◆ **Source data**:
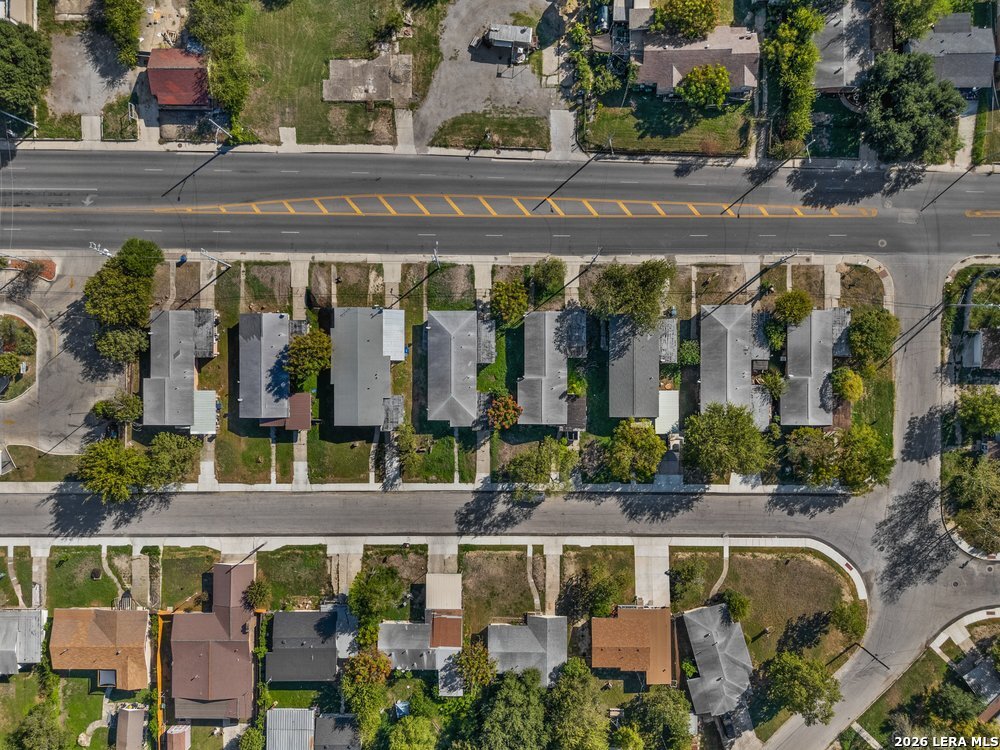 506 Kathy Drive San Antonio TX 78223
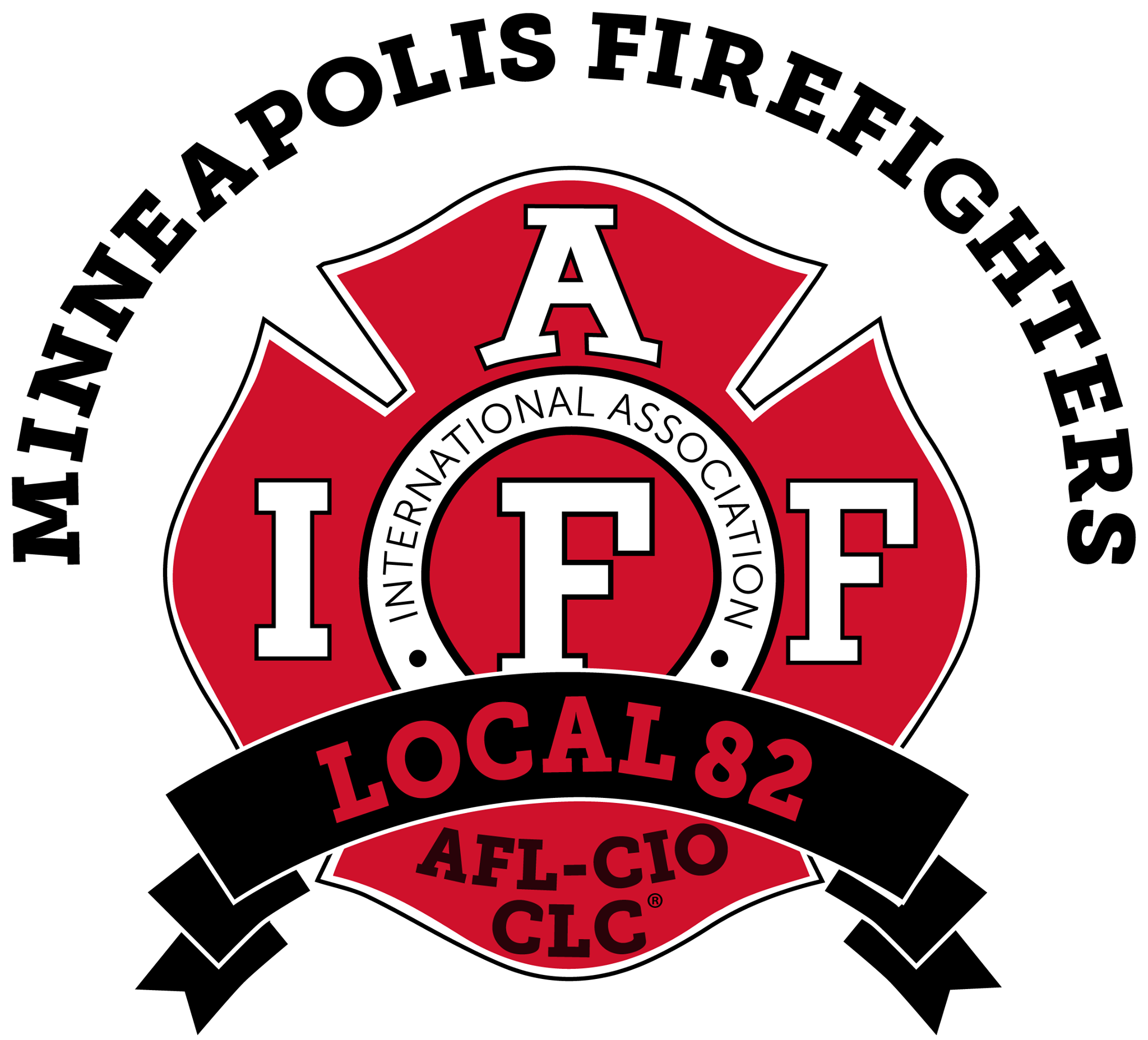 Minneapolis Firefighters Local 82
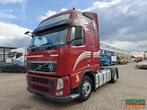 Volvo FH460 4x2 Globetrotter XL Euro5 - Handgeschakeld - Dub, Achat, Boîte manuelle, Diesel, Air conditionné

◆ **What to work on**: Your copy must start at the line that holds "Minneapolis Firefighters Local 82" and end at the last line of the data, both included; it must contain no pictures.

◆ **Solution for this task**:
 Minneapolis Firefighters Local 82
 Volvo FH460 4x2 Globetrotter XL Euro5 - Handgeschakeld - Dub, Achat, Boîte manuelle, Diesel, Air conditionné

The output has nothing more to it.